Truth must be told. Absolutely. That’s why I use a minimum of three different resources for each and every article I write. You’d be amazed how inaccurate information posted on the internet can be.
There have always been secrets. There is no such thing as a secret. Both of these sentences are true.
I cannot be responsible for what you read or say or write or copy/paste. But you can ask any of my friends or students if I can be trusted to keep their confidence. Since I am responsible for what I read or say or write or copy/paste; the answer is yes.
According to the article Cyber-dissidents launch WikiLeaks , a site for whistleblowers. South China Morning Post. 11 January 2007, WikiLeaks states that its primary interest is in exposing oppressive regimes in Asia, the former Soviet bloc, Sub-Saharan Africa and the Middle East, but we also expect to be of assistance to people of all regions who wish to reveal unethical behavior in their governments and corporations.
Harold Koh, Legal Adviser of the Department of State, was quoted in The Washington Post 27 November 2010, We will not engage in a negotiation regarding the further release or dissemination of illegally obtained U.S. Government classified materials.
According to various articles about Julian Assange, self-proclaimed soul of WikiLeaks, he doesn’t discriminate how the information is taken from the original hosts nor does he hold the informants accountable for accuracies or breaches of national security which may or may not leave the people named in these leaks vulnerable to assassination, torture, or genocide.
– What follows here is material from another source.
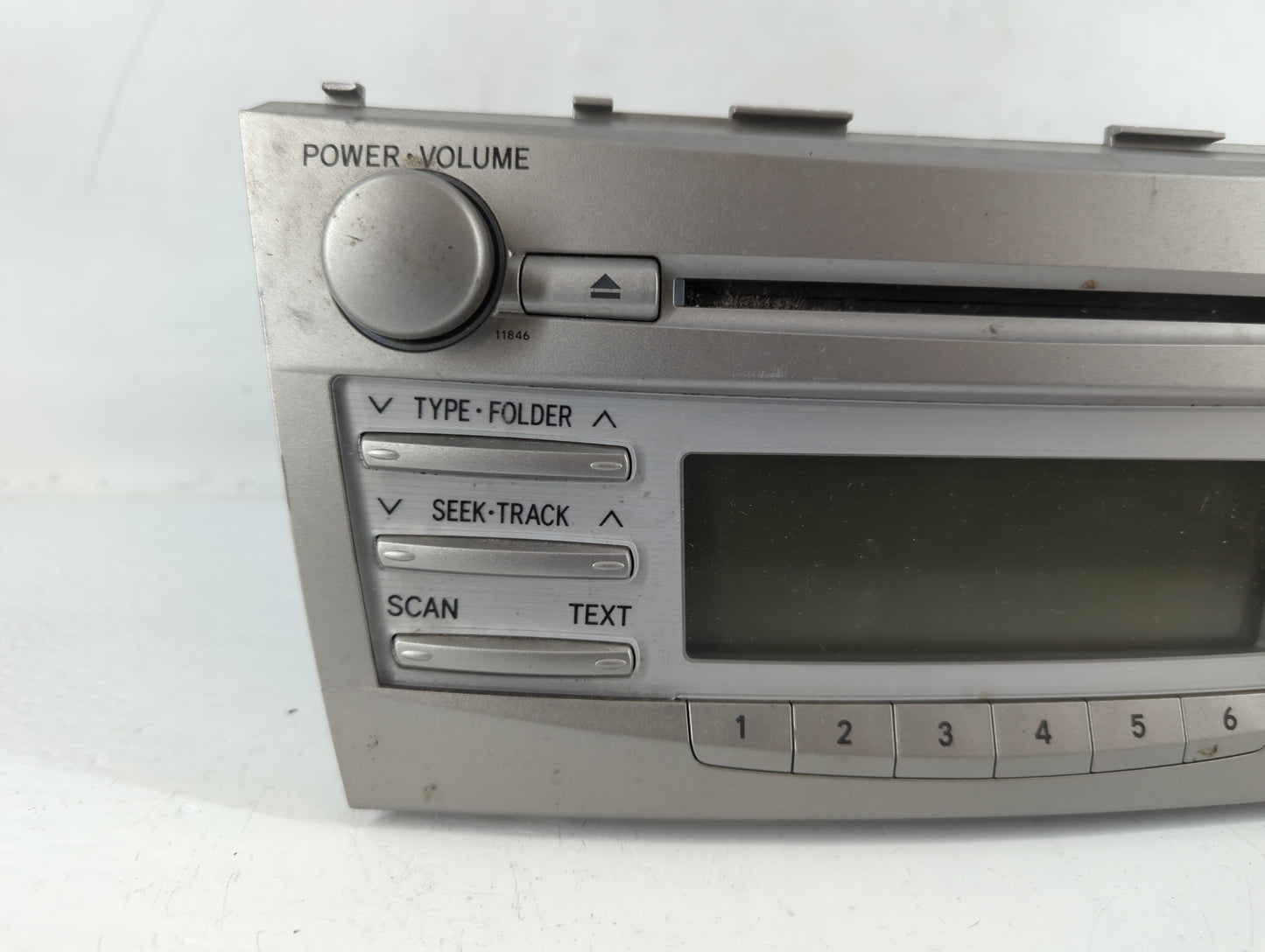 2010-2011 Toyota Camry Radio AM FM Cd Player Receiver Replacement P/N:86120-06480 Fits Fits 2010 2011 OEM Used Auto Parts - 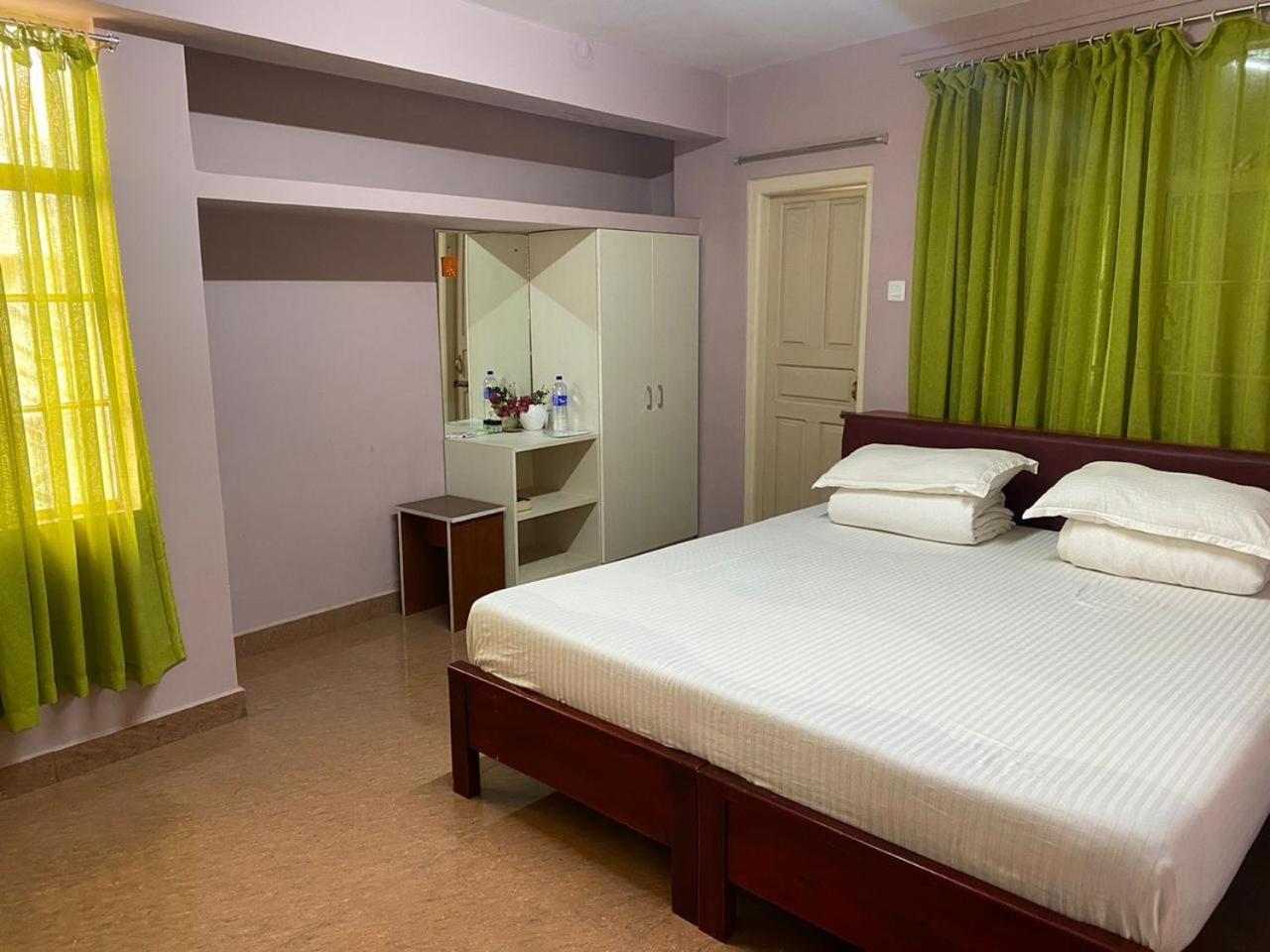 The Palm Guest House Kohima Esterno foto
He believes, through their freedom to comment (communicate in writing on this site) on the Leaks, his readers will eventually dissect truth from innuendo, praise from insult, and secrets from salvation.
The question was not if WikiLeaks had the right or the responsibility to broadcast the information they gathered. And before I ask you the question, I'd like you to ponder the following: Will you feed into this universe? Will you play this internet game of Chinese Whispers? Will you pass on information gathered by hackers and traitors? Or, will you take a second to ascertain the truth before repeating the really juicy gossip?
As stated in Loose Lips Sink Ships, EyeWitness to History, (1997)
If you come home during war your lips must remain sealed and your written hand must be guided by self-imposed censorship. This takes guts. Have you got them or do you want your buddies and your country to pay the price for your showing off. You've faced the battle front; it’s little enough to ask you to face this 'home front.'
The question now is Whose lips will sink ships?